If the records below hold pictures, omit them, and print exactly the lines from the first line through the line containing "Asics Gel 1090", inclusive.

Top of Input

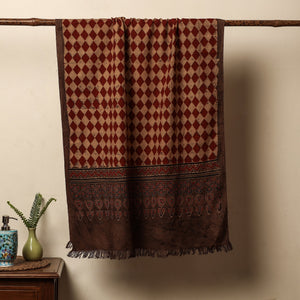 Brown - Block Print Cotton Ajrakh Handloom Towel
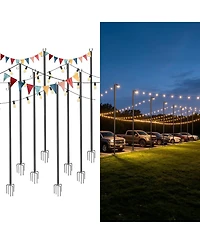 Yescom 10' String Light Poles for Outside Event Temporary Parking Lot, 8pcs Aluminum Forked Outdoor Light Post with Hook
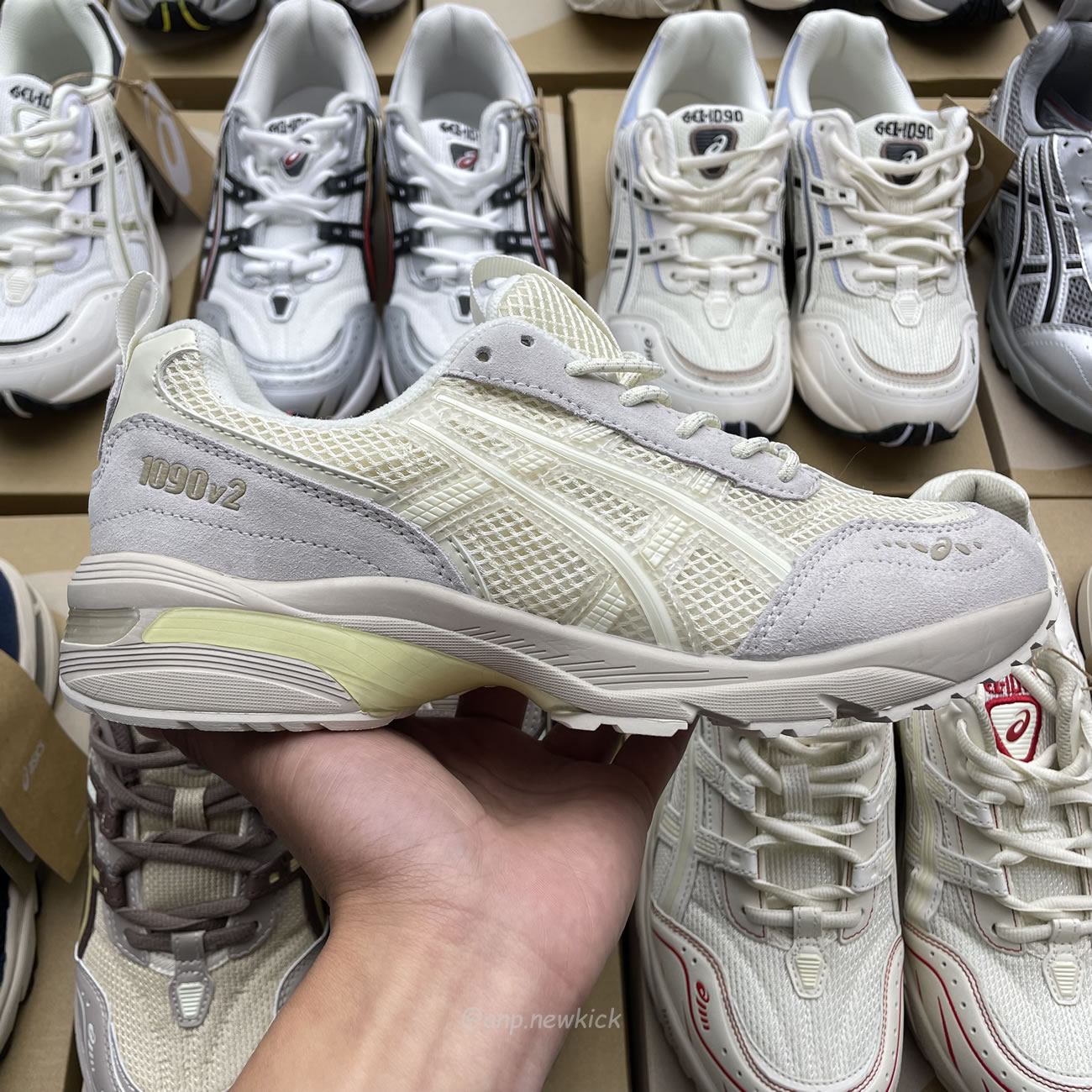 Asics Gel 1090 Grey Beige Birch French Blue White Sage Silver Cream Brown Silver Cream Gray Blue (8) - newkick.cc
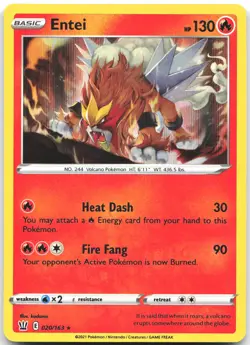 Entei 020/163 Holo Rare Battle Styles Pokemon Holo Near Mint - Image 1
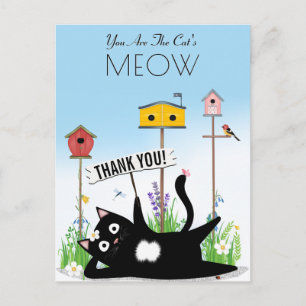 Cat Birds Garden Thank You Postcard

Bottom of Input

*Result*
 Brown - Block Print Cotton Ajrakh Handloom Towel
 Yescom 10' String Light Poles for Outside Event Temporary Parking Lot, 8pcs Aluminum Forked Outdoor Light Post with Hook
 Asics Gel 1090 Grey Beige Birch French Blue White Sage Silver Cream Brown Silver Cream Gray Blue (8) - newkick.cc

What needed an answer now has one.